Will the pension increase in March?
Regular Age Pension indexation is due next month, but there’s no guarantee of an increase. Why not, and what’s wrong with our pension system?
Key Points
- Pensions are indexed twice a year to take into account cost of living increases/inflation
- Seniors living-essentials cost more but the pension may not keep pace
- National Seniors says an independent tribunal is needed to set and manage the Age Pension
Asking the question, ‘Will the pension increase?’ supports National Seniors’ argument that there is too much uncertainty about the Age Pension.
It’s time to take politicians out of the process and establish an independent Age Pension Tribunal.
The Tribunal, which we discuss later, would be at arm’s length from the government of the day and be a fair
arbiter in taking uncertainty out of the pension.
It’s what happens with the minimum wage, politicians' pay
and other important income setting processes, so why not?

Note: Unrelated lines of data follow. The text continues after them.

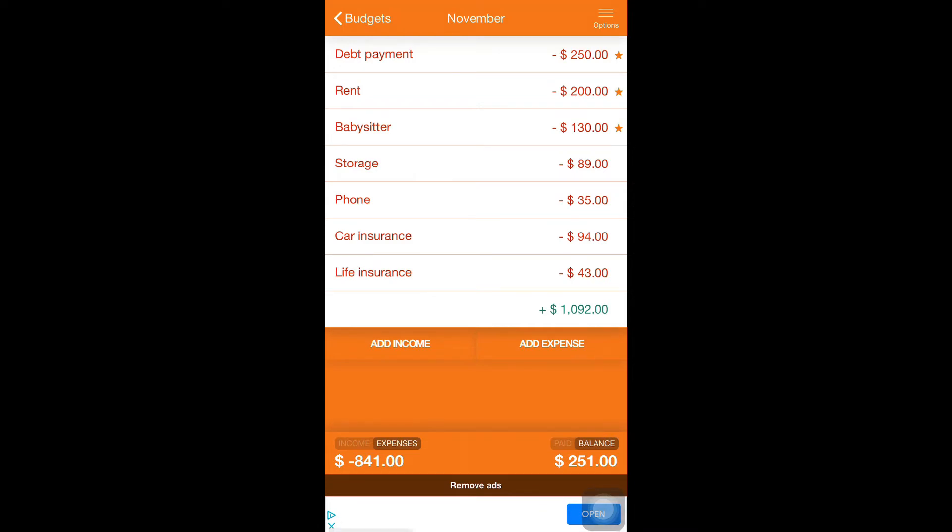Car insurance is $94. I am 26 years old now, so my car insurance is going down. Our cars are paid for, so we do not have to have full coverage.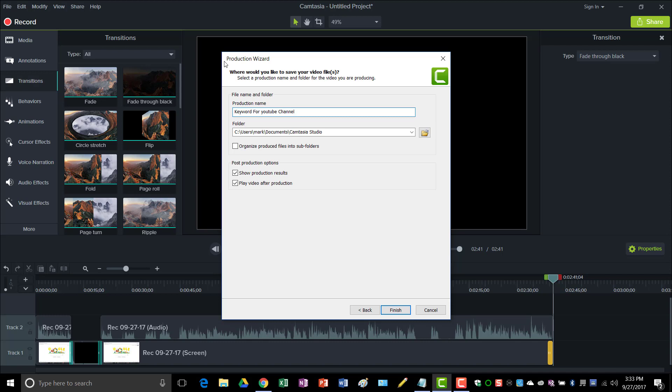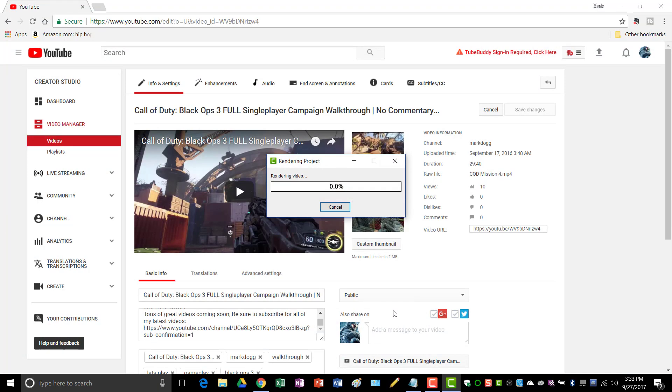Whatever your video was based off of, you just name that and then just click Finish. And your project is being rendered, so you just give it a while for the project to finish up and then it's going to automatically play once it's finished rendering.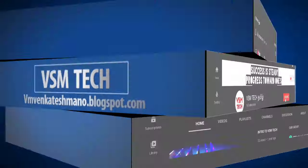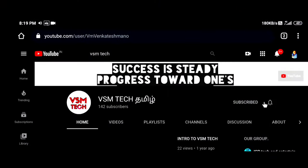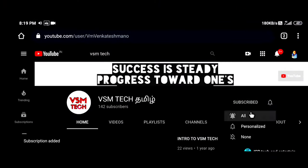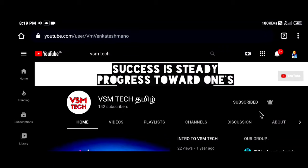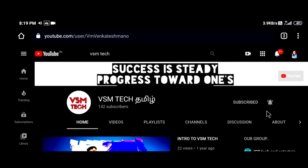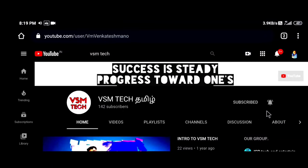If you are familiar with our channel, click on the subscribe button and click on the bell icon and select the all button. If you are looking for any videos, you will get a notification.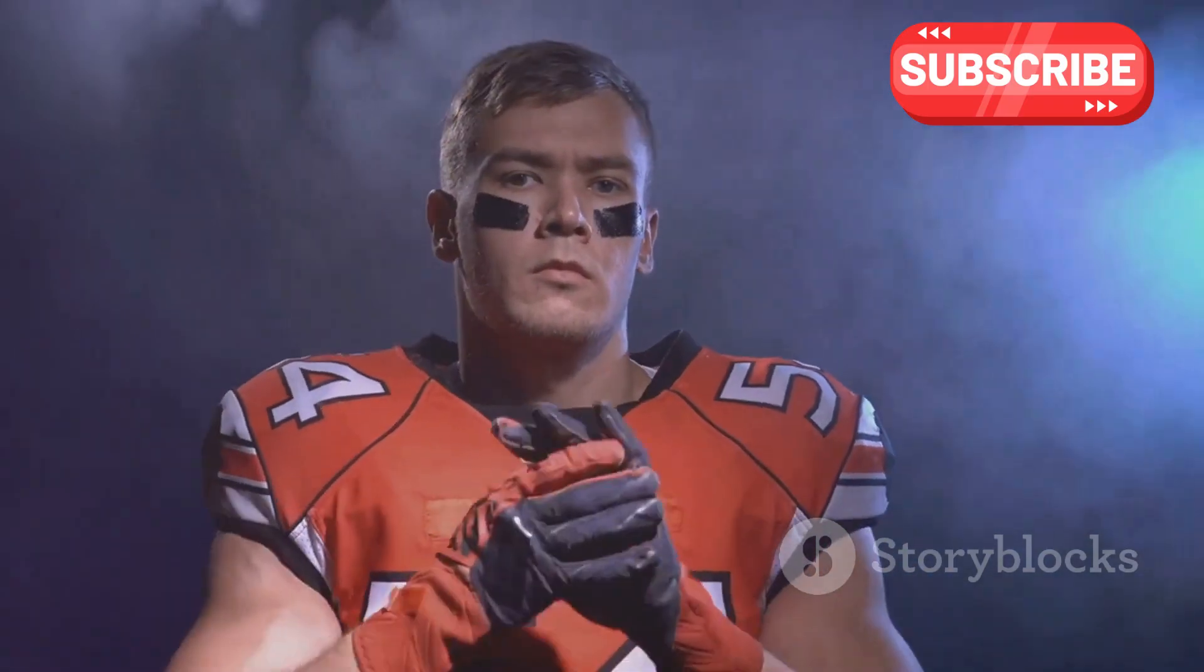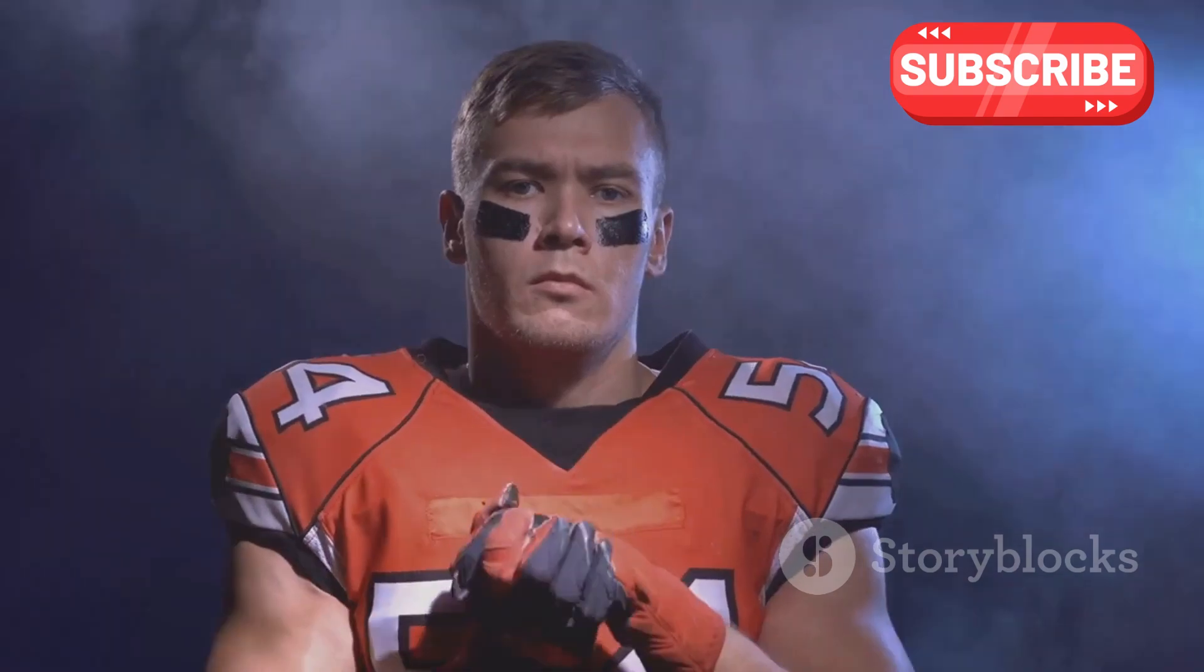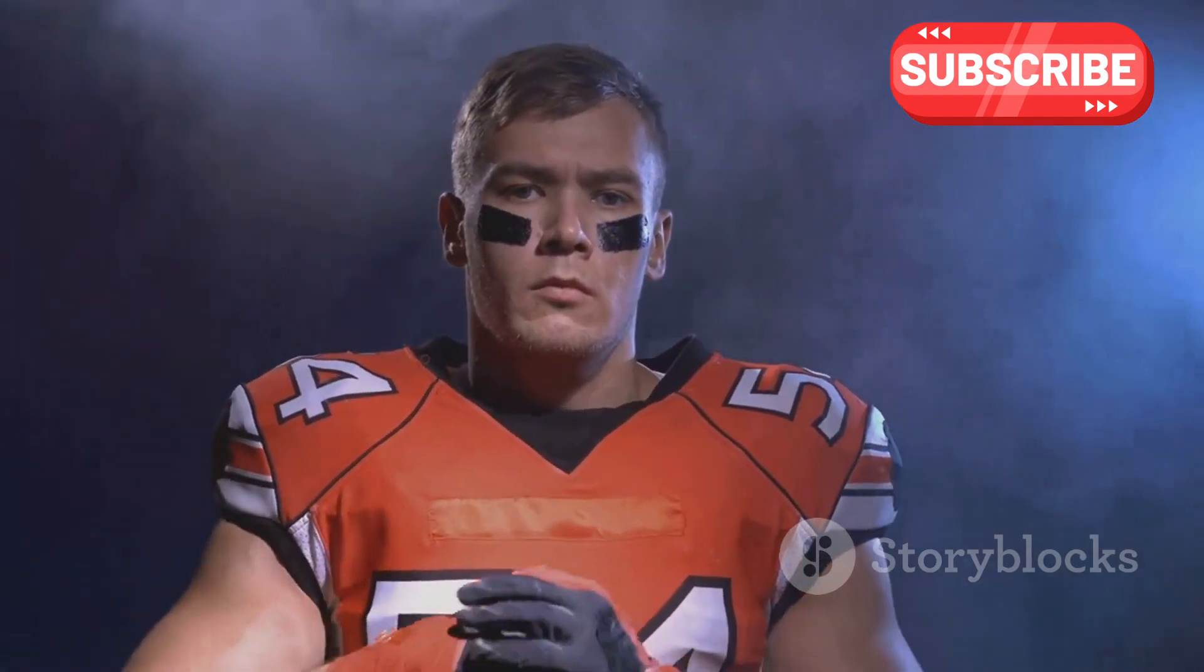Bo Nix, the Denver Broncos' rookie sensation, is set to become the first rookie QB to start an opener since the legendary John Elway.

The cost of essentials, such as health, housing, transport and energy have increased far quicker than non-essentials.
That’s why National Seniors has long campaigned for an increase in the Age Pension. It is simply too low for some older Australians to live on.

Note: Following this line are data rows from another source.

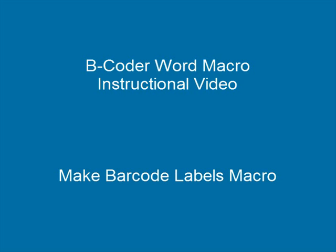The MakeBarcodeLabels macro is designed as a wizard that will walk you through the process of creating either incrementally numbered barcode labels, or labels that all contain the same barcodes.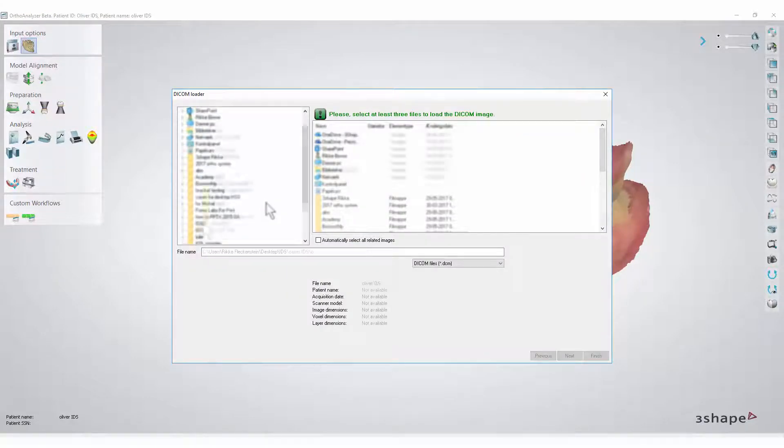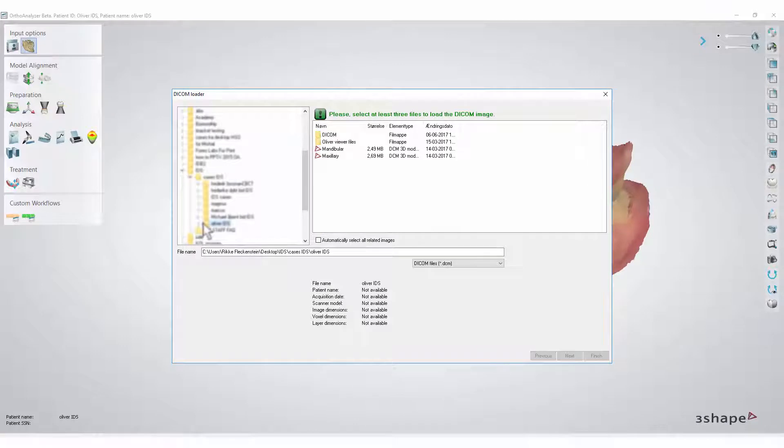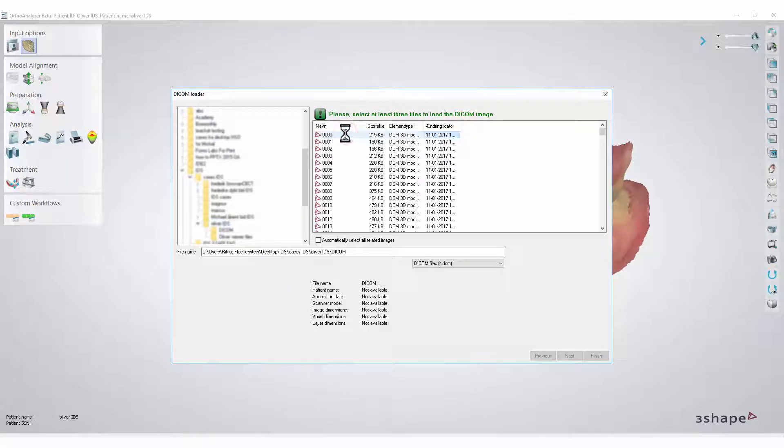Now search for the desired DICOM files on your desktop. Once you've found the right folder, open it and you will see all the DICOM files in a list.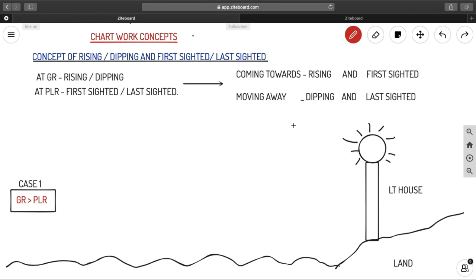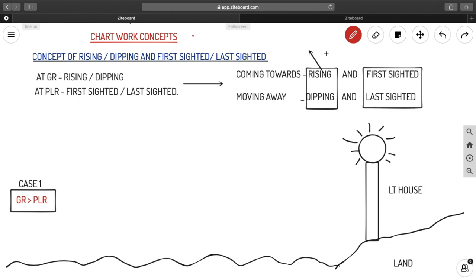When you are coming towards any object, such as a lighthouse, it is called rising and also called first sighted. When you are moving away from something, it is called dipping and also called last sighted. So rising belongs to geographical range terminology and first sighted belongs to present luminous range terminology. Let us look into how these are determined and which range to use in your calculations.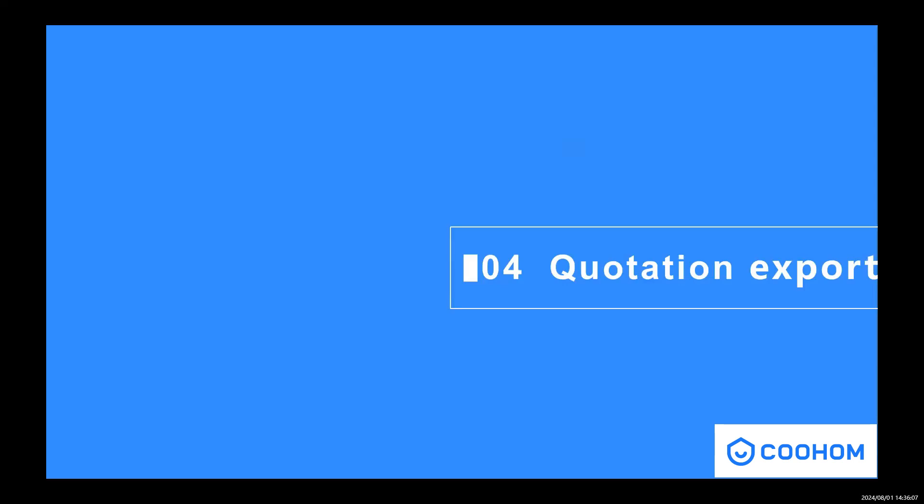Hey guys, this is Jason. Welcome back to my class. In this section, I will show you how to export quotations.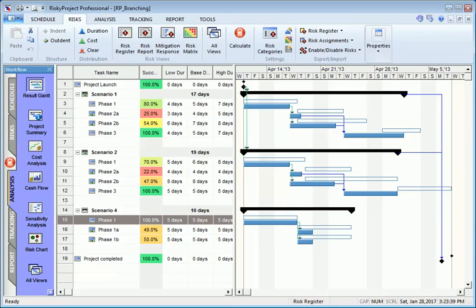Conditional branching is useful when you need to determine expected values of the project under specified conditions.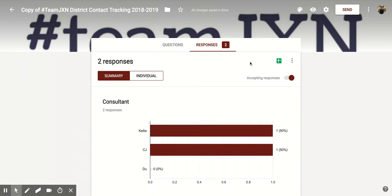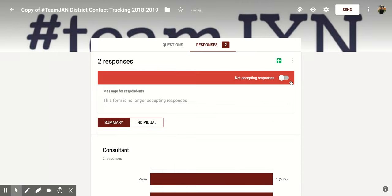If you come down to the right, you're going to see a section that says Accepting Responses. There's a toggle button towards the right. If you click on it, it's going to go towards the left and it's going to now say Non-Accepting Responses.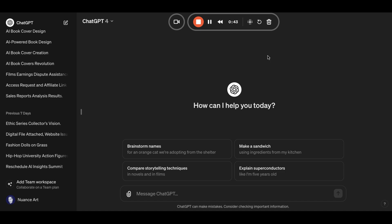Okay, so step two, prepare your book title and synopsis. Craft a clear title and detailed synopsis for your book. This synopsis should capture the essence and elements and narrative details guiding AI into creating the right cover.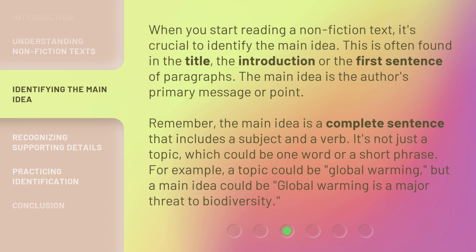When you start reading a nonfiction text, it's crucial to identify the main idea. This is often found in the title, the introduction, or the first sentence of paragraphs. The main idea is the author's primary message or point. Remember, the main idea is a complete sentence that includes a subject and a verb — it's not just a topic, which could be one word or a short phrase. For example, a topic could be 'global warming,' but a main idea could be 'global warming is a major threat to biodiversity.'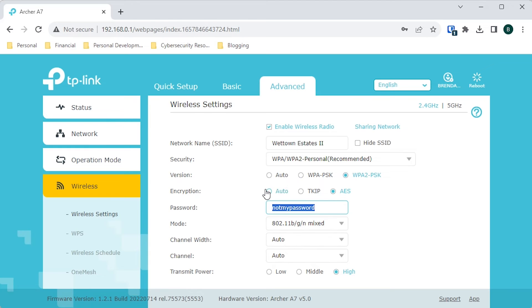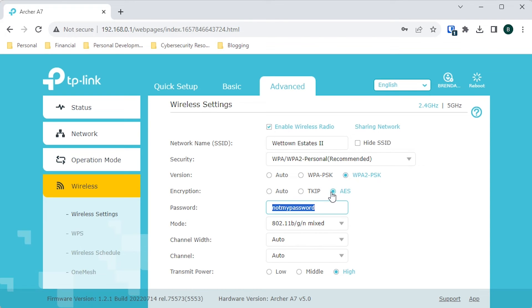The same thing applies with the encryption algorithm setting — we don't want to use any other encryption method. We're going to use AES. So the main things you want to have are: WPA/WPA2 Personal selected, WPA2 pre-shared key for the version of encryption, and AES as the encryption algorithm. This will keep your communications between your router and your devices as secure as possible.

More than half a million people rely on it as their sole
source of income, and many of these people are struggling.
One of the few ways that retirees have been assured of an increase in the pension is through the government’s indexation assessment, which considers inflation and living cost increases to adjust the pension twice a year.
Pensions are indexed twice a year to account for increases in living costs and benchmarked against average wage inflation.

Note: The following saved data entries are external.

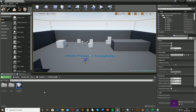Hey guys, welcome to an Unreal Engine 4 tutorial. Today I'm going to be showing you how to create a sprinting mechanic in Unreal where you press or hold a button to sprint. I'll also be adding in a stamina bar, having it decrease and regenerate, and stopping you from sprinting if you run out.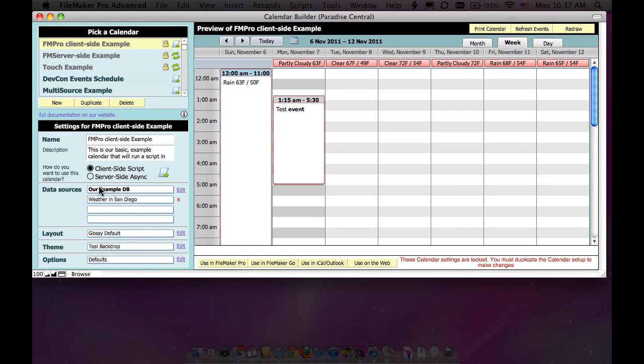I think the most critical concept to get with a calendar builder is whether you're going to be interacting on a client-side calendar or a server-side asynchronous calendar.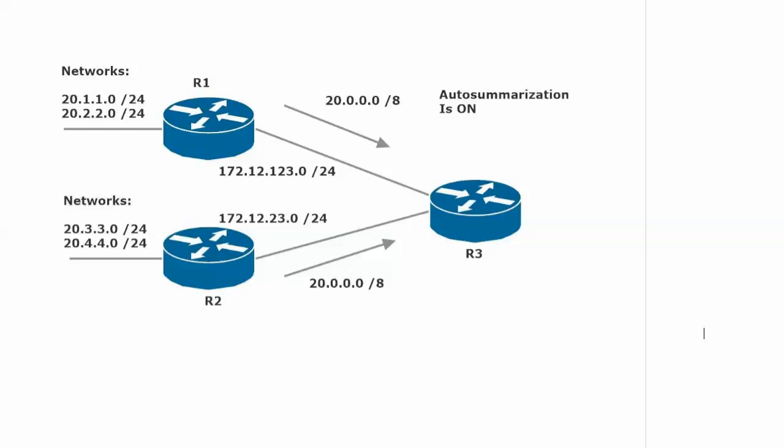But here's a question for you. What router should we put auto-summarization on? Let's say that I came to you with a job interview question, practice exam question, real exam question, and just said, tell me where you would configure no auto-summary in the least amount of places to get rid of this issue. If you want to pause the video and think about that for a minute, especially if it's the first time you watched it, fantastic.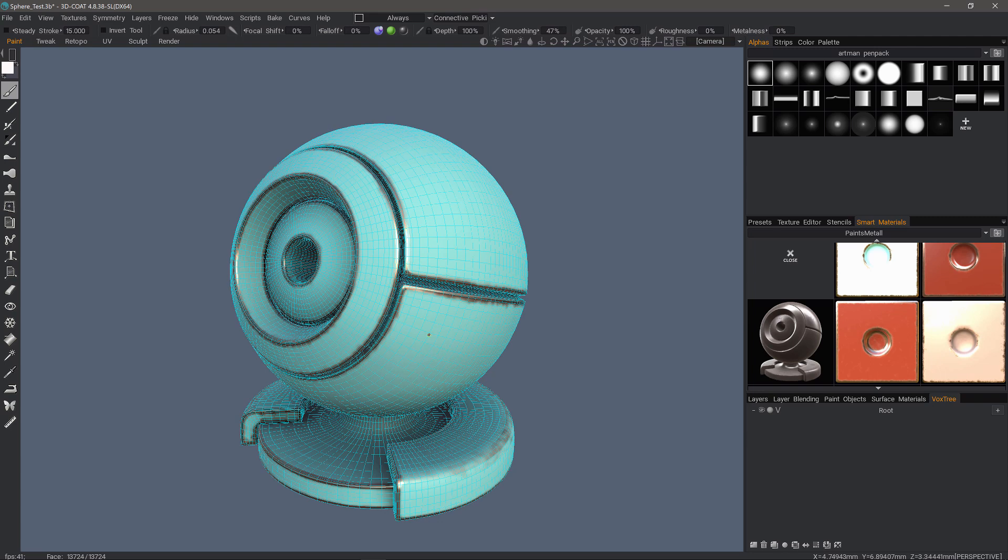To be clear, 3D Coat is no exception to that general rule. There is no substitute for proper model preparation prior to importing.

The first step in the process is to assess CPI change over a six-month period. To do this, government uses the highest of the following two inflation calculations, either:
- the Consumer Price Index (CPI) – which is a measure of changes in the prices paid by households for a fixed basket of goods and services, or
- the Pensioner and Beneficiary Living Cost Index (PBLCI) – which measures the effect of price changes on the out-of-pocket living expenses experienced by households whose main source of income is government payments.
These are then benchmarked against the Male Total Average Weekly Earnings (MTAWE), which is set by the Australian statistician, to ensure pensioners maintain a certain standard of living, relative to the rest of the population.
Last March, pensioners received an increase in-line with an increase in the cost of living. However, September saw no increase – for the first time since 1997.
The justification for this doesn’t make sense for pensioners.
Sure, inflation was negative but not for essential items for people on low, fixed incomes. Costs that went down were for childcare and education, transport, petrol, and
recreation.
But essential items such as housing, food and clothing actually went up, though not by much. Seniors were the group most likely to have found their overall costs increased last year and the freeze in pension
rates would have hit them particularly hard.
To add insult to injury, because male average earnings haven’t risen significantly and the pension remains above the MTAWE benchmark, this meant there was no increase in September.
Inflation has started to rise again, although it is still low by historical standards. It rose by 0.9% for the three months to December 2020 and by 1.6% for the three months before that to September 2020.
Despite
those increases, the annual rate of inflation was only 0.8%
Why
is that?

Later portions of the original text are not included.